By John Ley, a pilot for Delta Airlines and a resident of Clark County for more than 20 years.

The Boeing 767 that I fly needs jet fuel that comes from petroleum.  Boeing is our state’s largest employer. The company's planes could not fly without jet fuel refined from the same kind of oil that will be handled by the Vancouver Energy terminal.

The proposed terminal provides domestic crude oil that is integral not just to the Washington aerospace industry, but to our state’s way of life.

The economieJohn Leys of the entire West Coast are tied together by refined oil products. West Coast agricultural products are shipped all over the world. Diesel fuel powers the ocean-going barges and ships that frequent the ports of Seattle, Tacoma, Olympia, Portland, the San Francisco Bay Area and Los Angeles.

According to the Energy Information Administration, Washington’s jet fuel consumption is one of the highest in the nation. Sea-Tac International Airport is in the midst of a huge expansion, as the natural jumping-off point for commercial and cargo flights to and from Asia. Washington’s multibillion-dollar aerospace industry is critically dependent not only on jet fuel but lubricants, plastics and other technology derived from or dependent on the petroleum industry.

Washington has two Air Force bases that use significant quantities of jet fuel to help protect our national security, not to mention the Army vehicles at Joint Base Lewis-McChord and naval facilities at Whidbey Island and Bremerton. Our Washington state ferry system is also the largest in the nation, and needs that low-sulfur crude oil to be refined into clean diesel fuel.
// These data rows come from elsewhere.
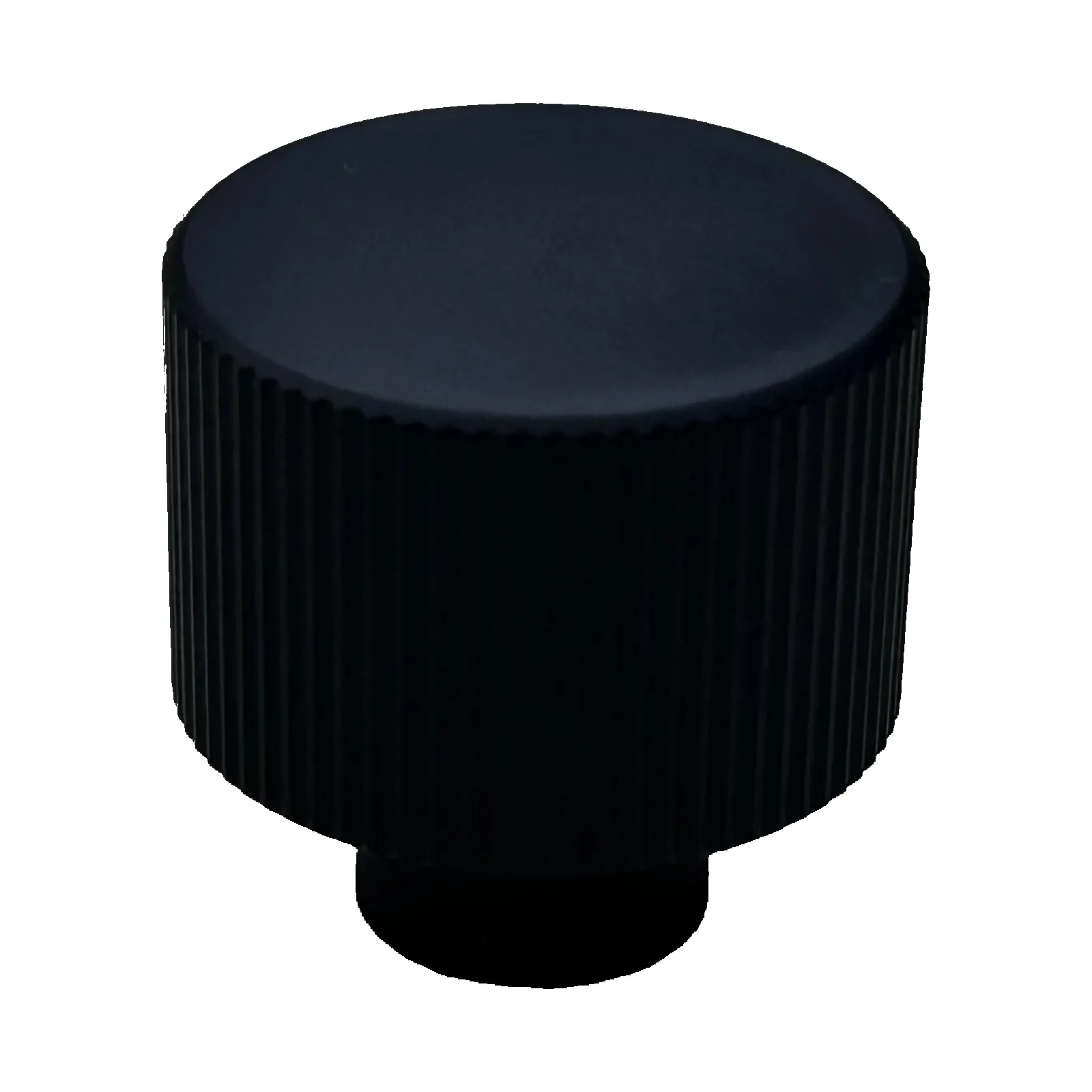 Close view of a single textured round aluminum cabinet knob in Matt Black on a white background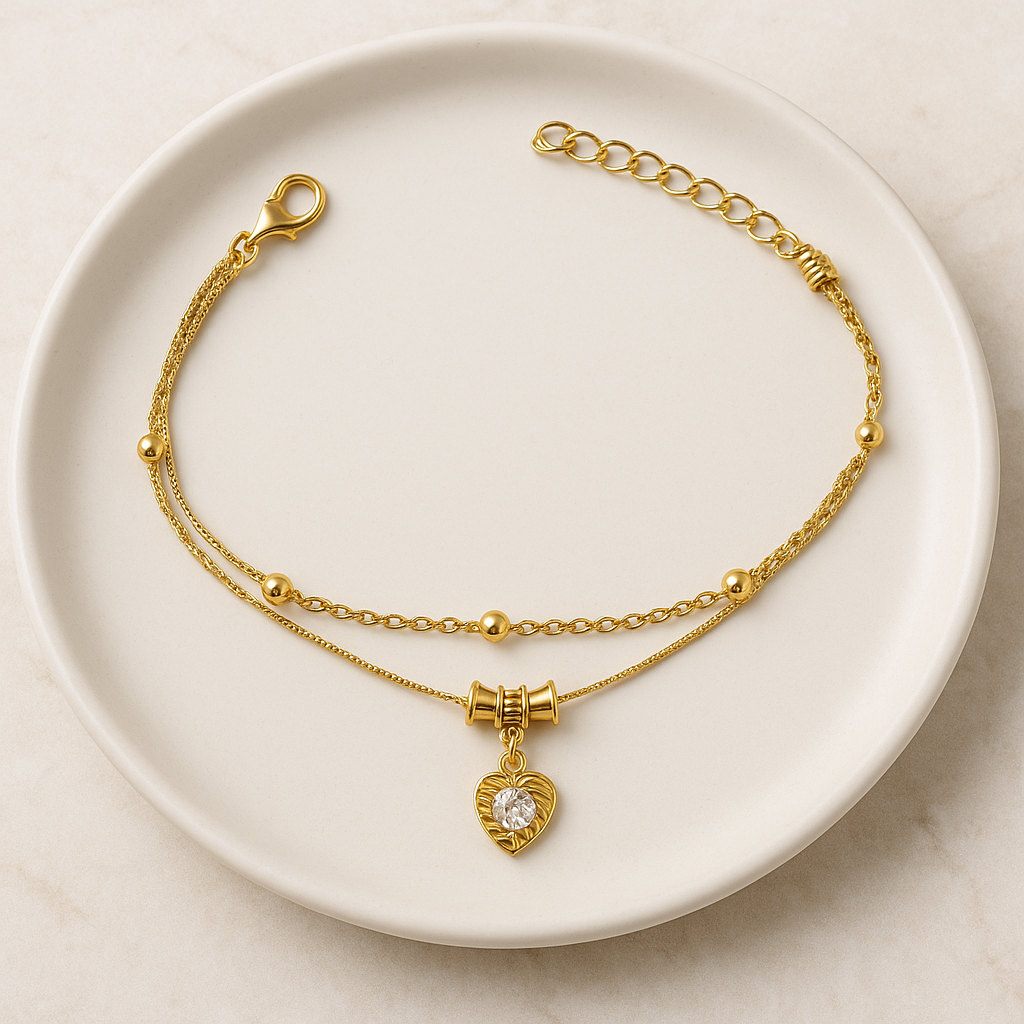 GL: 18k Gold-Plated Heart Charm Anklet for Women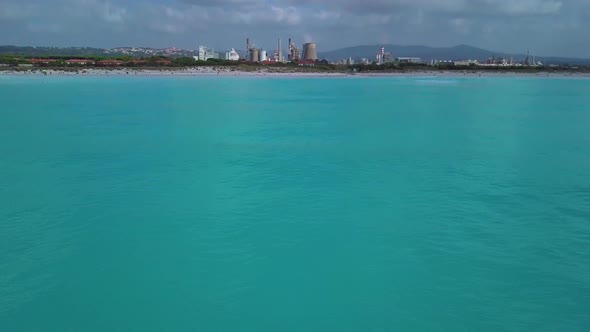 Aerial Shot, Incredibly Beautiful Calm Sea with Lots of Clouds, White Beach Created Because of Huge alt
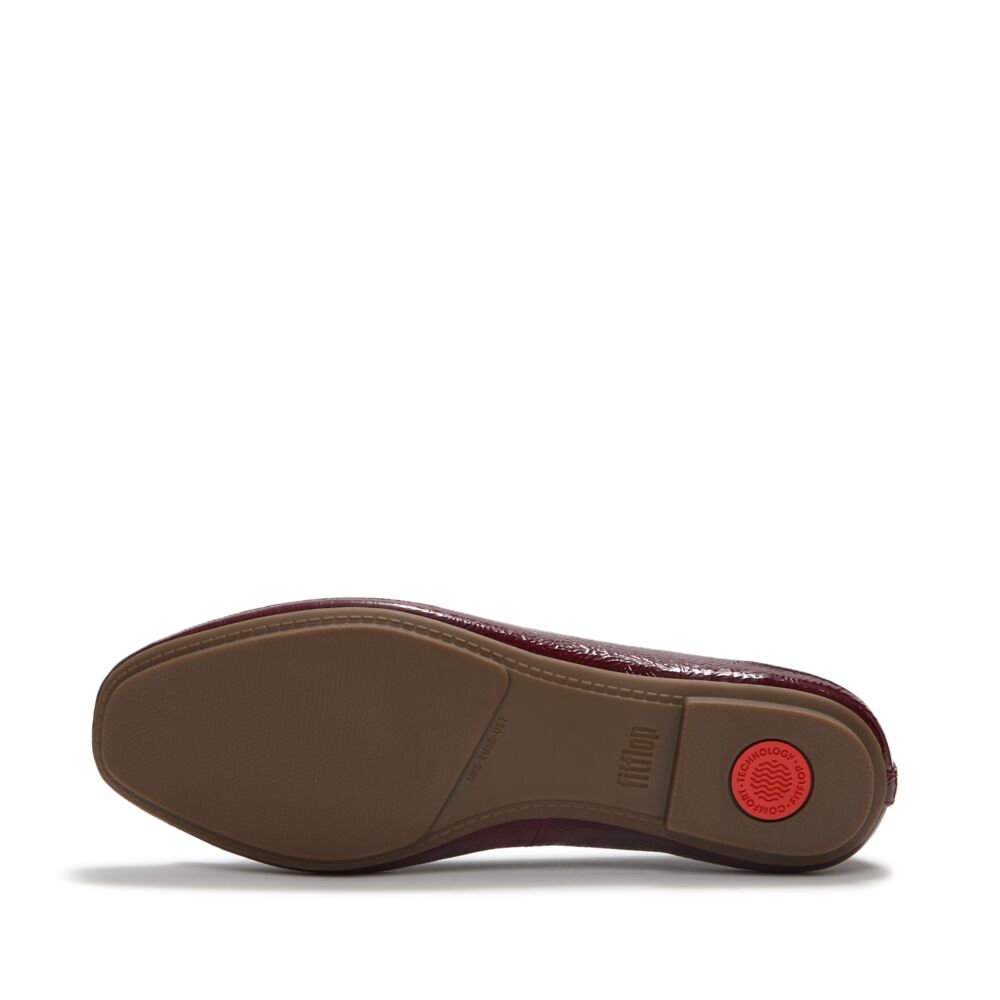 DELICATO BOW TEXTURED PATENT-LEATHER BALLET FLATS
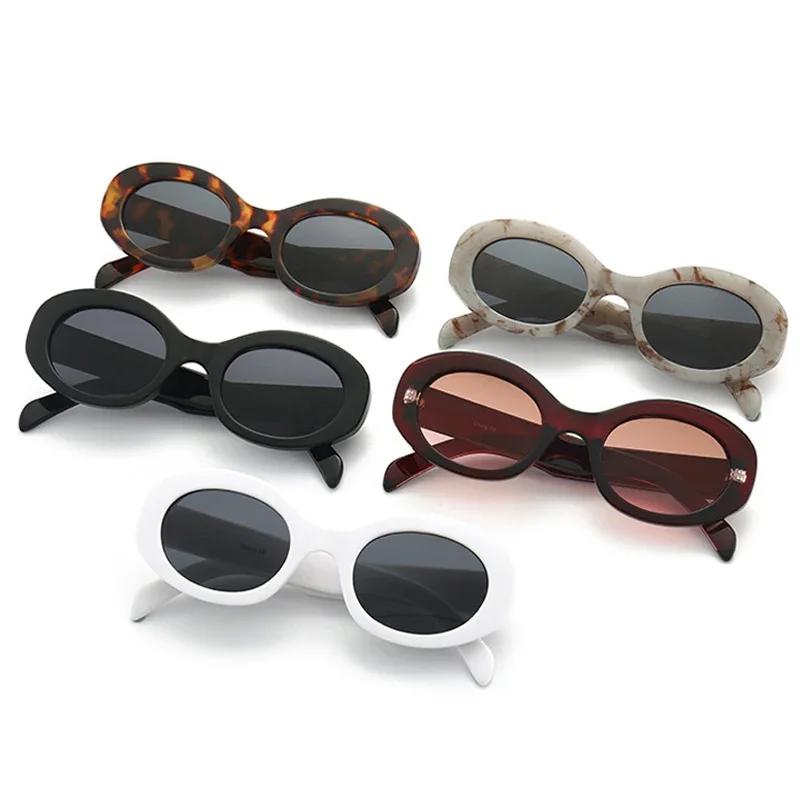 Fashion Oval Women Sunglasses Shades Uv400 Brand Designer Mens Retro Round Leopard Sun Glasses Modern Sunglasses For Women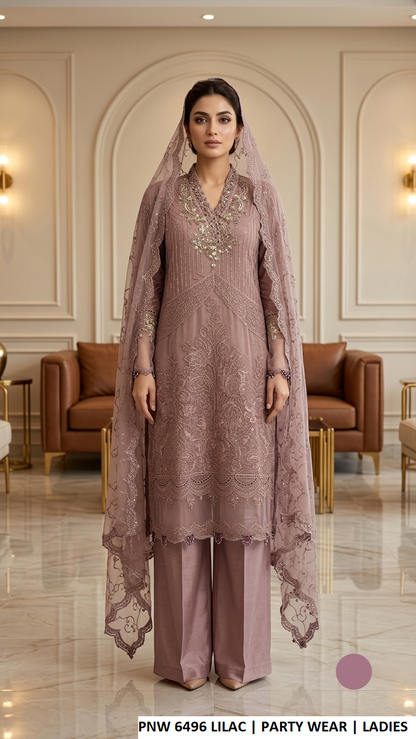 PNW 6496 LILAC - Lilac Chiffon Straight 3-Piece Women's Pakistani Plazo Suit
Additionally, the state ranked fifth in the nation in crude-oil-refining capacity in 2015. For more than three decades, the Port of Vancouver has safely been handling all types of refined oil products, with an impeccable safety record.

We can and do handle oil products safely. BNSF Railway, which will serve Vancouver Energy, reports that 99.99 percent of hazardous materials delivered by the company arrive without incident.

The economy of the entire West Coast will benefit from the proposed Vancouver terminal, and the project should be approved by the state Energy Facility Site Evaluation Council and Gov. Jay Inslee. My passengers and I will thank you.